Today there are military blockades on every route. Tourist shops that are usually packed at this time of the year are empty. People are asking the same question Mary and Joseph had to ask: "Should we stay in our homes and risk death or leave and become refugees? Where can we go to find sanctuary?"
Whatever difficult situations you find yourself in, it is not so difficult that God cannot bring hope.
A third aspect of the Bethlehem is that Bethlehem is the place where hostility and hospitality meet.
Despite the hostility Mary and Joseph faced, they chose a path of incredible hospitality. They welcomed not only the Son of God into their lives, but local shepherds and migrating wise men to worship Jesus in their home.
The story of Mary and Joseph in Bethlehem is the story of a place that had no room, and yet someone, an anonymous innkeeper made room anyway.
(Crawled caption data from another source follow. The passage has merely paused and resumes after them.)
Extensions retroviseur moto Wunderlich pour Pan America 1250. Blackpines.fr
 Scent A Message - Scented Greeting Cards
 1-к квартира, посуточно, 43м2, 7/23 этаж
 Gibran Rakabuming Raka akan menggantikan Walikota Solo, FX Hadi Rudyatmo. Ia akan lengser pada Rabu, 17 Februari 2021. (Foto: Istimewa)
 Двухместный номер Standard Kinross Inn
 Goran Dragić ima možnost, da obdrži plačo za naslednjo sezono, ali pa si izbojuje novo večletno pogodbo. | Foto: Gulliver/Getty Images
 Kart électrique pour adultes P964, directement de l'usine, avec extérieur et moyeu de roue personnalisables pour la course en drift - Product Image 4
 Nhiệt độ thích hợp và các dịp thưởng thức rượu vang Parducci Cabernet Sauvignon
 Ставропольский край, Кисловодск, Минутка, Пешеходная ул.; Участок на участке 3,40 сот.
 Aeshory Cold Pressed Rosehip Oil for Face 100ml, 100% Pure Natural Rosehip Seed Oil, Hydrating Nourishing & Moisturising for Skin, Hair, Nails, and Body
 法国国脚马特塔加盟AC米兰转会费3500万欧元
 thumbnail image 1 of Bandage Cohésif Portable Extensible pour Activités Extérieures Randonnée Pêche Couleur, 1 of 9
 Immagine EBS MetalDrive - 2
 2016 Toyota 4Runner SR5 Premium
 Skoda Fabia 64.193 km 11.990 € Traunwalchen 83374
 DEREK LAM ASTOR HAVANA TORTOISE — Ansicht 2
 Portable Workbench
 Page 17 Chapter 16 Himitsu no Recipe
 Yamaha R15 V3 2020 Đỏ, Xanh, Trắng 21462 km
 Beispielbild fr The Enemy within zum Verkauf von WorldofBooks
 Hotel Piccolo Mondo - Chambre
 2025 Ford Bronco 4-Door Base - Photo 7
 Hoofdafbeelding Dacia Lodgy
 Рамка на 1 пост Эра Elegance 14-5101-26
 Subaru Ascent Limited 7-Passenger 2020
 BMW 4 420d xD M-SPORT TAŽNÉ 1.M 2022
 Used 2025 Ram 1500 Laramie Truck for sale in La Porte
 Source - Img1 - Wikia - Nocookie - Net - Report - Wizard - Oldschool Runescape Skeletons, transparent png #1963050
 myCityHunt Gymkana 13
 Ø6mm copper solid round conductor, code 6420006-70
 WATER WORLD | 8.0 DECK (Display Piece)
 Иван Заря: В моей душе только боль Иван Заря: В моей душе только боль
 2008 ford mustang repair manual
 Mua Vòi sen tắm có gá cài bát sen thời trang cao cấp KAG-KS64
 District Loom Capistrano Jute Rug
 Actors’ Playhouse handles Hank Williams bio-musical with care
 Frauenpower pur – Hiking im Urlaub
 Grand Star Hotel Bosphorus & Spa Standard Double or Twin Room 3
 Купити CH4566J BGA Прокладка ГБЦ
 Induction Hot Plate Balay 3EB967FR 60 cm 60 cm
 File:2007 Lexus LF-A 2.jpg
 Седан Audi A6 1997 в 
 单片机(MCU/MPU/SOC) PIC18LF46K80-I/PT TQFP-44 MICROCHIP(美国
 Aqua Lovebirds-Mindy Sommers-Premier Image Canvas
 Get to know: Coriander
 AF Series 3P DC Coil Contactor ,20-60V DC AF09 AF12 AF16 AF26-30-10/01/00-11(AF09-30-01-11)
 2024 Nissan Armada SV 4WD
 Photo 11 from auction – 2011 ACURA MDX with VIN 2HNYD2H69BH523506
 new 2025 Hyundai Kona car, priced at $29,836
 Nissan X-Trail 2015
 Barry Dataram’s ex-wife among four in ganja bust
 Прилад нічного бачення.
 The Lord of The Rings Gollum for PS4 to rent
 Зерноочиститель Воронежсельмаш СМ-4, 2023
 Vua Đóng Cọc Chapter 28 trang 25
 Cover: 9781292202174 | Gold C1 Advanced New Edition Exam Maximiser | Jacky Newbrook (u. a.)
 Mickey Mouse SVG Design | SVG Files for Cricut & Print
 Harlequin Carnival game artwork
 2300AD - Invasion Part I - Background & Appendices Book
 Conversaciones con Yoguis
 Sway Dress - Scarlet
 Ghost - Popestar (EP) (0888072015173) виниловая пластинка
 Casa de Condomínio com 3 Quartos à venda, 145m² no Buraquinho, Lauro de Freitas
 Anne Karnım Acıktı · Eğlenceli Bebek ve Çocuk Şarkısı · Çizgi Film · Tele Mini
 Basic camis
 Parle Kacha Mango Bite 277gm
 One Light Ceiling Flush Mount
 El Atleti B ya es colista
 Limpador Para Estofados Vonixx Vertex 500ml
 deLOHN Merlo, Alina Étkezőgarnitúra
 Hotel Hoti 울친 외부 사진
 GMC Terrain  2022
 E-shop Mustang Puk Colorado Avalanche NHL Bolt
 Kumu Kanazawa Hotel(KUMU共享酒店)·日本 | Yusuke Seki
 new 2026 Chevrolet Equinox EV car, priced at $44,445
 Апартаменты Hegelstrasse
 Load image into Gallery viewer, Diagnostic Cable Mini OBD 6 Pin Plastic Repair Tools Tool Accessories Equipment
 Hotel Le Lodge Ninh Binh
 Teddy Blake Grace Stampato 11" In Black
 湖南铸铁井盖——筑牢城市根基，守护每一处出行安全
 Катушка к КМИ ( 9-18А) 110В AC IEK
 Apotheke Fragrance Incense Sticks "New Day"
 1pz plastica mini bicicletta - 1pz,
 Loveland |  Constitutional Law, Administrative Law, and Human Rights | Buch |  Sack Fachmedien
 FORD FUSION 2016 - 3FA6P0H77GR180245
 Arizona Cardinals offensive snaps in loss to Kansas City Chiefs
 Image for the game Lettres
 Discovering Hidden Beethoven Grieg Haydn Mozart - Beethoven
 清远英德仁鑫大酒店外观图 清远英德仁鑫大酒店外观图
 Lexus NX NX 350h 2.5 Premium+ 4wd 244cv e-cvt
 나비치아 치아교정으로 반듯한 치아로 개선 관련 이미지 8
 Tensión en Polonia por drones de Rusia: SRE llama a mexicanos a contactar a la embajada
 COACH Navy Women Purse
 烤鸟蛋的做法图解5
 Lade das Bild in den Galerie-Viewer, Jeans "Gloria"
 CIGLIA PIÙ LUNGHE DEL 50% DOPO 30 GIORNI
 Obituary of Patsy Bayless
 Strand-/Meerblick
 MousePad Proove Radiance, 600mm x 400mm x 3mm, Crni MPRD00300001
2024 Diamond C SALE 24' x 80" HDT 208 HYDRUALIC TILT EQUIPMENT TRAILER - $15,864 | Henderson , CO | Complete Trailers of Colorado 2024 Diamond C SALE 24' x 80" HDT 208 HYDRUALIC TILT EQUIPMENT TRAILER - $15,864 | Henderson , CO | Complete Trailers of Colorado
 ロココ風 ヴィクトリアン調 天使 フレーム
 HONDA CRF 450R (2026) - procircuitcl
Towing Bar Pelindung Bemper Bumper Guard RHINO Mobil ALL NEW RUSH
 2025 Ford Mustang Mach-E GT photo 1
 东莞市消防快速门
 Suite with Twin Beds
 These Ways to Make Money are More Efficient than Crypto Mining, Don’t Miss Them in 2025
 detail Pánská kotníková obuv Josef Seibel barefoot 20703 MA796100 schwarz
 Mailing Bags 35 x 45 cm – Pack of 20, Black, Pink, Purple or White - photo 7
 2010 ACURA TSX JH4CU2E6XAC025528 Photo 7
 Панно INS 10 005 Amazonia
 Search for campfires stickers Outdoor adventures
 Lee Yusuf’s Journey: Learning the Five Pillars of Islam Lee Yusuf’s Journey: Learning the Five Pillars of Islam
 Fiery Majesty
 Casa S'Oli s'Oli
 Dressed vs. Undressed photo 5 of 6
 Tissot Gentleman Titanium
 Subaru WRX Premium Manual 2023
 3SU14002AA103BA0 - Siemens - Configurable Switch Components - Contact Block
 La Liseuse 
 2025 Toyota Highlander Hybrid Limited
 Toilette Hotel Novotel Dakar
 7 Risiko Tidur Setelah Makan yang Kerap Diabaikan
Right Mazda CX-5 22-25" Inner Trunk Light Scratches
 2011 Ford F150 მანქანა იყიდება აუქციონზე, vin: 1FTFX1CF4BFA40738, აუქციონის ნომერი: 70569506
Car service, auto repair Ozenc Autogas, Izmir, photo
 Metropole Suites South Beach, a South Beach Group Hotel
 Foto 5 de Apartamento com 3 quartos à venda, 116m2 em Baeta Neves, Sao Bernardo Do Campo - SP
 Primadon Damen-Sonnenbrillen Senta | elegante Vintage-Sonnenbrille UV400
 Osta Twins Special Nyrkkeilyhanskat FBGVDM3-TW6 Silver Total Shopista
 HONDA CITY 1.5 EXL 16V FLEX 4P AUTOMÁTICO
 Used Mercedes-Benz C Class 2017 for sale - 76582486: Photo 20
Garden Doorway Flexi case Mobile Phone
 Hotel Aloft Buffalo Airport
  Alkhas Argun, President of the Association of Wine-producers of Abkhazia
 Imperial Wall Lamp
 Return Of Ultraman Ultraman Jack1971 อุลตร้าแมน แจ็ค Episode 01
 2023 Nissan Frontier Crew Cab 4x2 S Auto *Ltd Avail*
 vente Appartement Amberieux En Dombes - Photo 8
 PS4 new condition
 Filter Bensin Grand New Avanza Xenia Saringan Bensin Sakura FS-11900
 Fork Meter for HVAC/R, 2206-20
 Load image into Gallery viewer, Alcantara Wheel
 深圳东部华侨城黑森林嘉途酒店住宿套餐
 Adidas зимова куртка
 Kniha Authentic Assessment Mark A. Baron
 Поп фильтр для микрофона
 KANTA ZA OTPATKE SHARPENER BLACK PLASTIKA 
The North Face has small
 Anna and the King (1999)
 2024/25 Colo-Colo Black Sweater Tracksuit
It's the story of a family of poor and tired outsiders getting used to the rhythms of life with a new baby in temporary accommodation, who go out of their way to welcome an array of surprising guests.
It's the story of God inviting himself into the lives of an ordinary Middle Eastern family with roots in the small town of Bethlehem. When Jesus was born in Bethlehem, it was an act of solidarity with all those who feel worthless displaced forgotten or mistreated, it was an act of hope for those who face the greatest fears.
The baby that was born in Bethlehem, who was forcibly displaced as a refugee to Egypt, and who ended up dying for the world in Jerusalem, would rise again from the dead, ultimately defeating oppression everywhere.
He would sacrifice everything he had, his very life, so that he could welcome us home to God.
Hospitality, hope and connection can be born in the most unlikely of places. No matter how far from home, from God we feel, God is closer than we think.
He knows what it's like to be displaced, vulnerable, disconnected, afraid, even a refugee child. He was born and died to fix our broken world.
And even today he invites you and me to trust him as he works out his good and perfect plan. He invites us to follow him into the mess of the world around us and bring hope there by showing compassion and Hospitality to everyone who needs it.